§ Data for this exercise
==*==

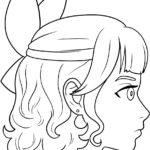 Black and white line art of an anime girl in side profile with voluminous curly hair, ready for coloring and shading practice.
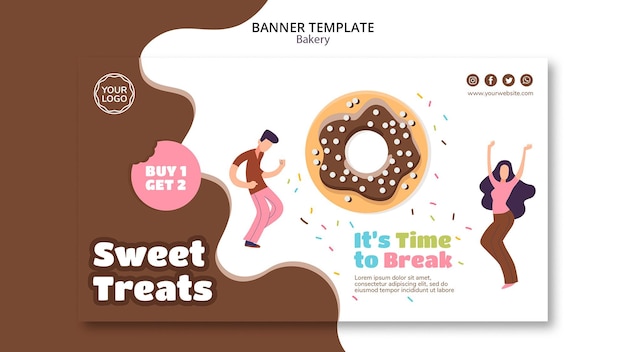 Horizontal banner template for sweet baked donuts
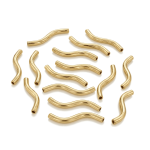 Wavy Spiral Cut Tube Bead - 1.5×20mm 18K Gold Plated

==*==

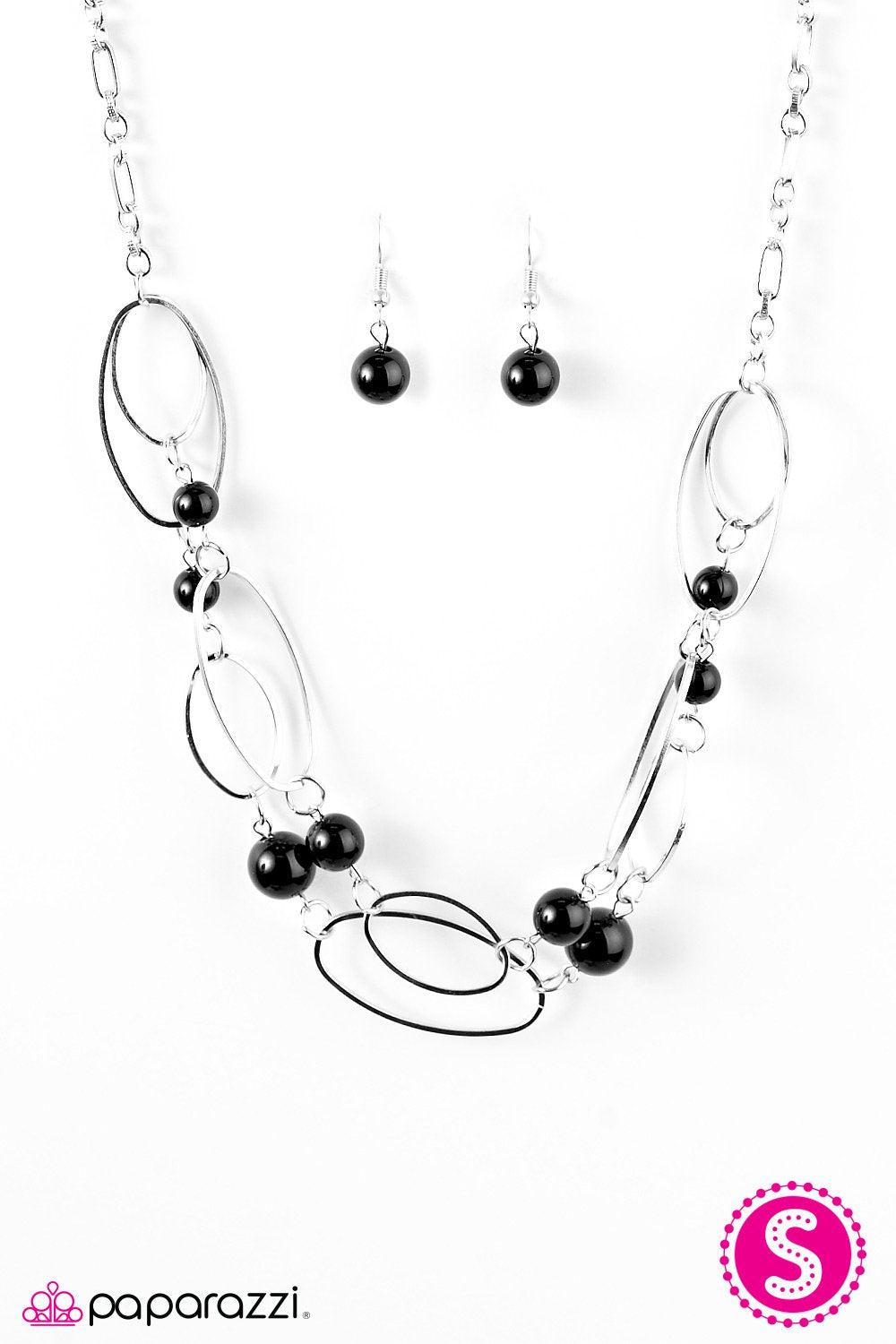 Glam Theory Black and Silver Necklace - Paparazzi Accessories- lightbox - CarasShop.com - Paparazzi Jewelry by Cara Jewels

==*==

I would like the exact lines from the data above, starting with the one that holds "Horizontal banner template" and going on through the one that holds "Wavy Spiral Cut", without the pictures.

 Horizontal banner template for sweet baked donuts
 Wavy Spiral Cut Tube Bead - 1.5×20mm 18K Gold Plated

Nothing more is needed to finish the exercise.